Like their protectionist foes, the free traders are more absorbed with foreign direct investment than with portfolio investments. Part of the reason for this, one suspects, is that portfolio investment transactions seldom result in flattering newspaper photographs of hardhat-wearing public officials turning soil at new industrial plants.

In general, the laissez-faire position maintains that FDI: (1) creates new jobs; (2) generates new tax revenues; (3) often results in the transfer of valuable new technologies; (4) fosters the introduction of new management techniques; and (5) helps reduce the U.S. trade deficit.

At first glance, these assertions seem eminently reasonable, and there are certainly numerous individual cases in which communities have reaped most or even all of these benefits. However, when assessing the overall impact of FDI on the U.S., there is much less reason to believe these claims are valid.

For example, because over 86 percent of all FDI outlays in the U.S. over the past five years have gone for the acquisition of existing companies or real estate, foreign direct investment plays a surprisingly negligible role in job creation. The attention lavished on new manufacturing facilities or plant expansions obscures a more complex reality in which foreign-owned firms often lay off workers, eliminate jobs and even go out of business. Indeed, recent research indicates FDI has created fewer than 20,000 net new jobs annually in the U.S. in the past decade.

As for generating added tax revenues, that also turns out to be a suspect claim. In some cases, the cost to public agencies and to taxpayers of enticing a major investor to locate in the community frequently exceeds the level of new revenue the project might reasonably be expected to generate. More routinely, though, because a shift in ownership generally affects a company's tax liability, FDI may just as easily lead to revenue losses.

The twin claims regarding the transfer of new technologies and new management techniques are based on anecdotal evidence. If anything, there is plenty of contrary evidence to suggest that some foreign firms are buying U.S. companies to acquire new technology. And the introduction of new management styles may simply be a function of a change in ownership, without reference to the new owner's nationality.

Finally, the U.S. affiliates of foreign companies may actually contribute to the U.S. trade deficit.
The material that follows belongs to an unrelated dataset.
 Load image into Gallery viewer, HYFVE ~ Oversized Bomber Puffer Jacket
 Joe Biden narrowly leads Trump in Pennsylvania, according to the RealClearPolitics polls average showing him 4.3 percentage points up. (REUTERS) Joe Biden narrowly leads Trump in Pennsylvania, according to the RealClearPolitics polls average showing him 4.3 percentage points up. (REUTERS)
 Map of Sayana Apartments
In 1986, for example, foreign-owned firms in the United States imported $124.5 billion in merchandise. At the same time, these firms exported only $50.7 billion, resulting in a $73.8 billion contribution to our trade deficit.
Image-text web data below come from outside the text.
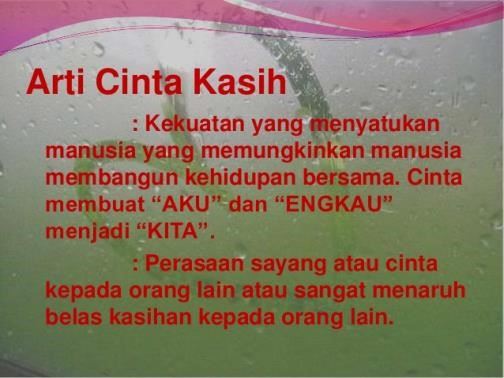 Apa Arti Kasih Sayang Dan Cinta Yang Tulus? Lihat Gambar Berikut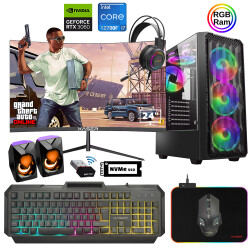 Xaser Xsr885 i7 12700F 16GB Ram 512GB M.2 NVMe SSD 12GB RTX3060 23.8 180Hz Curved Oyuncu Tavsiye Sistem - Xaser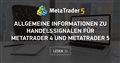 Allgemeine Informationen zu Handelssignalen für MetaTrader 4 und MetaTrader 5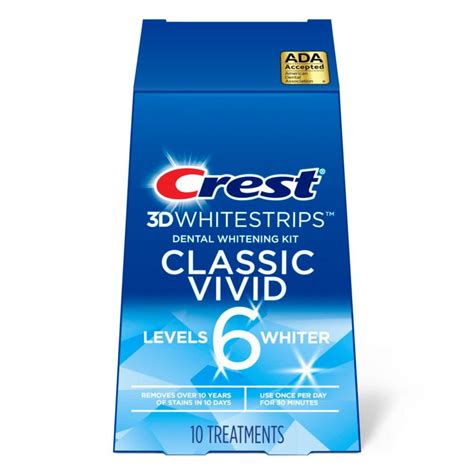 Crest 3d Whitestrips Classic Vivid Teeth Whitening Strip Kit 20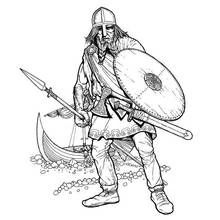 Viking - Free printable coloring pages
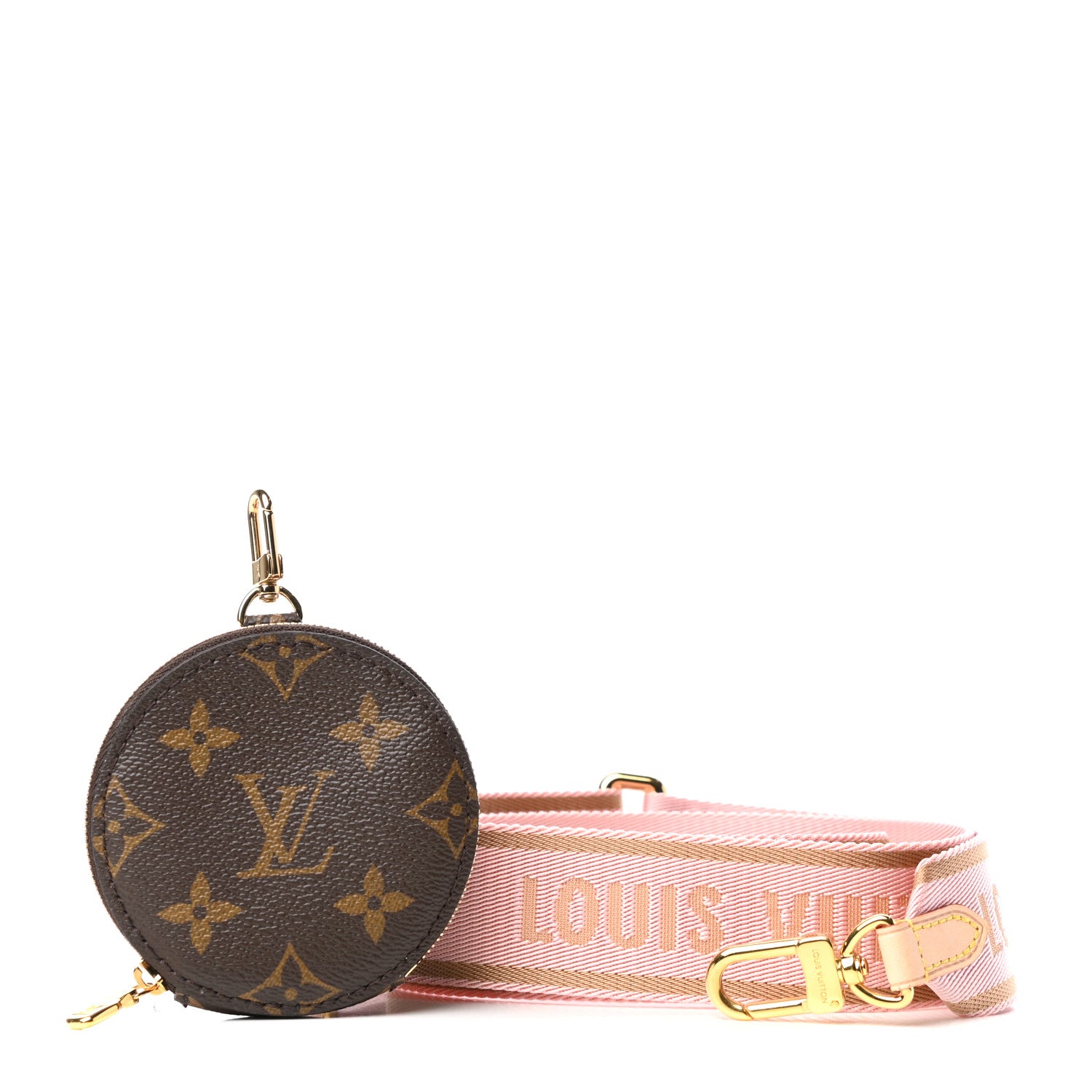 Louis Vuitton Monogram Multi Pochette Accessories Bandouliere Shoulder Strap Rose Clair 1 of 6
The balanced conclusion must be that foreign investment is neither an unmitigated boon nor a clear and immediate danger. But, to an extent unprecedented during the lives of most Americans, foreign investment is exerting an important influence over our economic and political affairs. And this new reality will persist as long as America is hobbled by massive deficits in our trade and in the federal budget. If nothing else, this prospect of a steadily increasing foreign role in our economy should give us pause to wonder whether a continued policy of indiscriminate neutrality toward foreign investment is still an acceptable posture for the United States.

America is rather unique among the major industrial powers for the freedom of access it affords foreign businesses. Other countries, including all of our major trading partners, are officially less comfortable with the idea of allowing outsiders to become part of the domestic economic landscape. Yet, it would be premature to suggest that we emulate the competition in this respect.

What is needed now is a systematic and objective review of the impact of foreign investment on the United States. Lacking such an analysis, policy-makers are more likely to be swayed by the pleadings of the complacent and the anxious rather than by a pragmatic and accurate grasp of reality.